EIN UNIVERSELLES INSTRUMENT

Essay von Jean During

Mythische Ursprünge

Ein Instrument, dem so viel Verehrung und Bewunderung entgegengebracht wird wie der Oud, muss, so möchte man meinen, sagenhaften Ursprungs sein. Einer Legende zufolge baute der Prophet Mohammed die erste Laute, die allerdings keinen Ton von sich gab, weil ihr Steg und Sattel fehlten, die die Saiten mit dem Korpus des Instruments verbinden. Daraufhin kam ihm Satan zur Hilfe und fügte diese beiden entscheidenden Elemente hinzu. Die Laute hatte nun zwar einen schönen Klang, doch der Prophet wollte sie nicht spielen, weil sie vom Teufel berührt worden war. 

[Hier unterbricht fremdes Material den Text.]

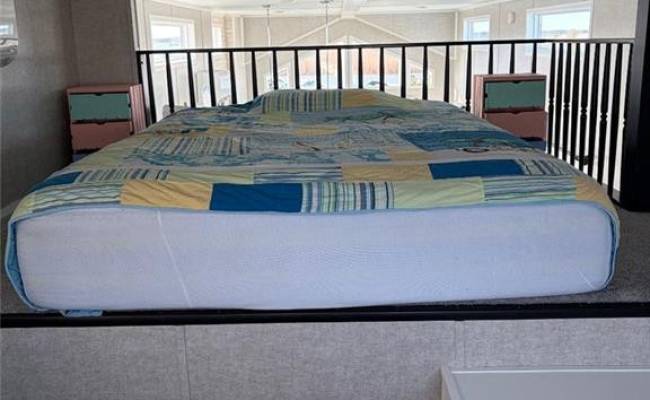 3665 Sandpiper Road, Virginia Beach, VA 23456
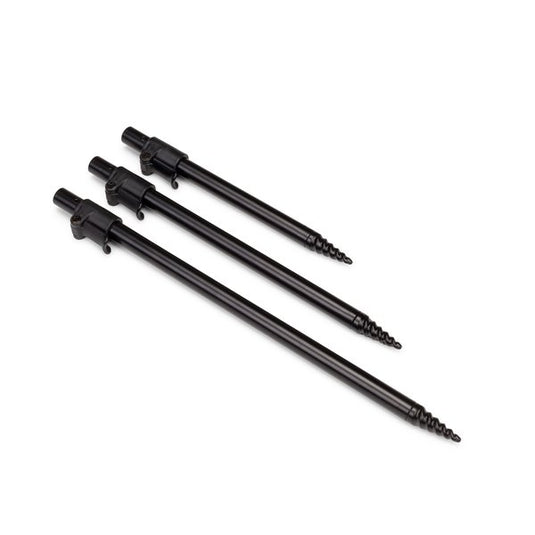 Kevin Nash Cam Lock Bankstick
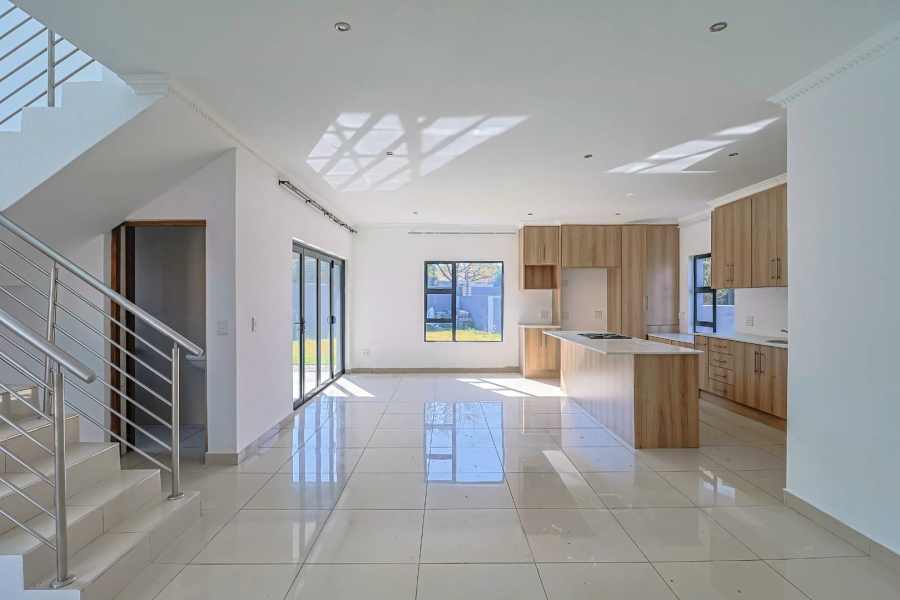 3 Bedroom Property for Sale in Melodie North West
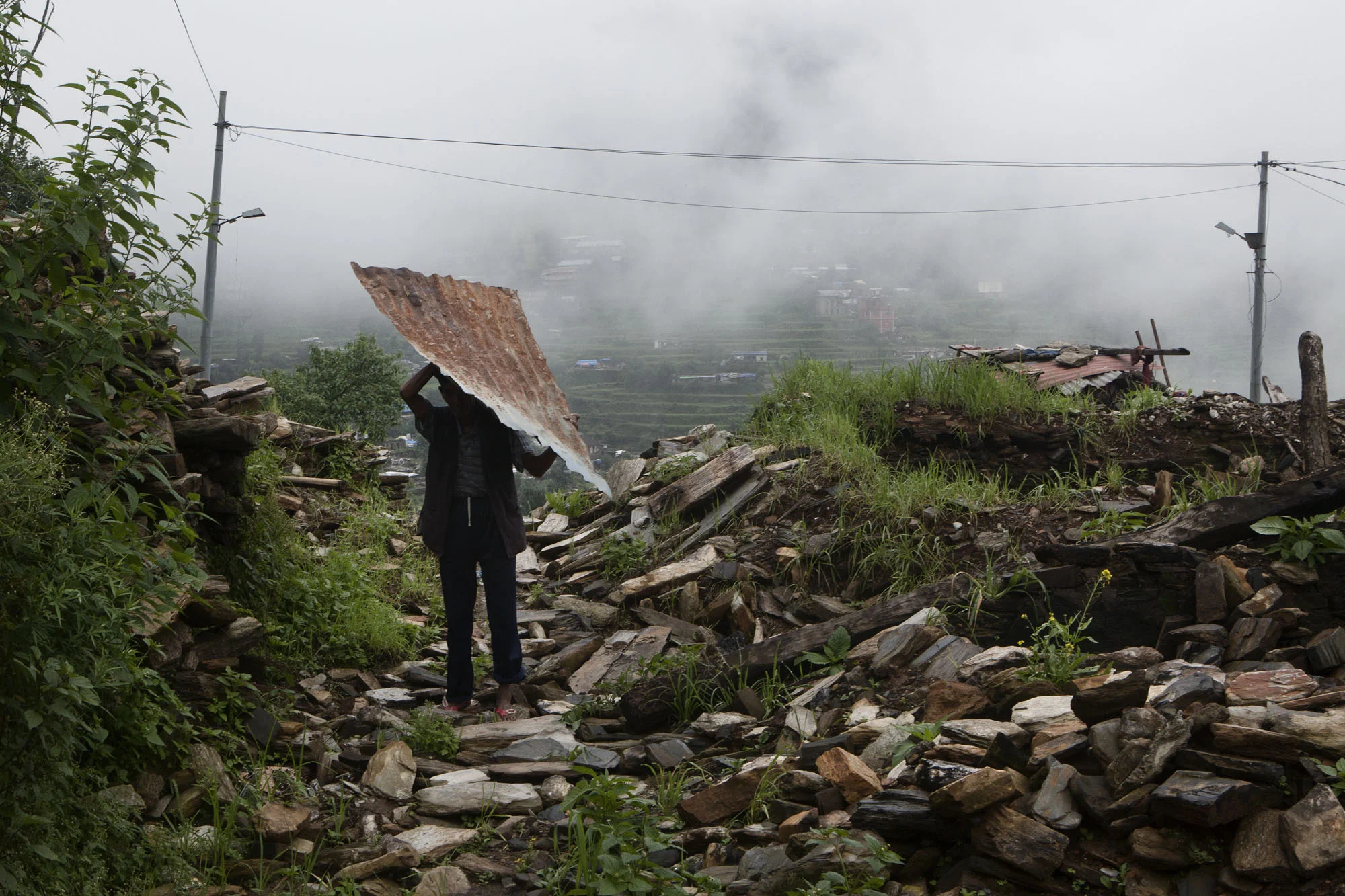 Eggers_sindupalchowk_selects007.jpg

Die indisch-persische medizinische Enzyklopädie des Nureddin Muhammad Shirazi aus dem 17. Jahrhundert beschreibt, wie der griechische Philosoph Pythagoras den Vorgänger aller Lauteninstrumente schuf. Er entdeckte im Urwald die Leiche eines Affen, dessen Gedärme zwischen den Ästen aufgespannt waren und Töne erzeugten, wenn der Wind hindurchwehte. Daraufhin zog Pythagoras die Haut des Affen über eine Kokosnuss und baute so die erste Laute. Eine ähnliche Geschichte existiert in Chinesisch-Turkestan und in Indien. Sie erinnert an eine weitere Version, in der die Erfindung der Laute Lamech, dem Sohn Methusalems und Vater Noahs, zugeschrieben wird. Nach der Beschreibung des Autors Ibn Chordadhbeh aus dem 9. Jahrhundert wurde das Instrument aus dem zerstückelten Leichnam von Lamechs Sohn hergestellt, den dieser an einem Baum hängend gefunden hatte. In dieser Überlieferung symbolisiert der Korpus der Laute den Oberschenkel, der Saitenhalter den Fuß, das Griffbrett die Knöchel und die Saiten die Blutgefäße. Lamech brachte das Instrument zum Klingen und stimmte ein Klagelied an.

 

Vorläufer

Bis zum Erscheinen des Barbat, dem wichtigsten Vorläufer der Oud, um das 2. Jahrhundert v. u. Z. war die Spießlaute mehr als 2000 Jahre lang die am weitesten verbreitete Laute. Sie hat einen runden Hals, der die Haut der Schalldecke kreuzt und an dem die Saiten befestigt sind, und ist südlich der Sahara noch immer in Gebrauch. Eine Subsahara-Variante, die den alten ägyptischen und hethitischen Lauten ähnelt, wird durch Zupfen der Saiten mit den Fingern gespielt. Eine andere Version der mit Haut bespannten Spießlaute, die von den Imazighen in Marokko verwendet wird, hat einen birnenförmigen Korpus und drei oder vier Saiten, die wie bei der Oud mit einem Plektrum angeschlagen werden. Wahrscheinlich gehörte auch die vorislamische arabische Laute, die dann vom Barbat verdrängt wurde, zu dieser Kategorie.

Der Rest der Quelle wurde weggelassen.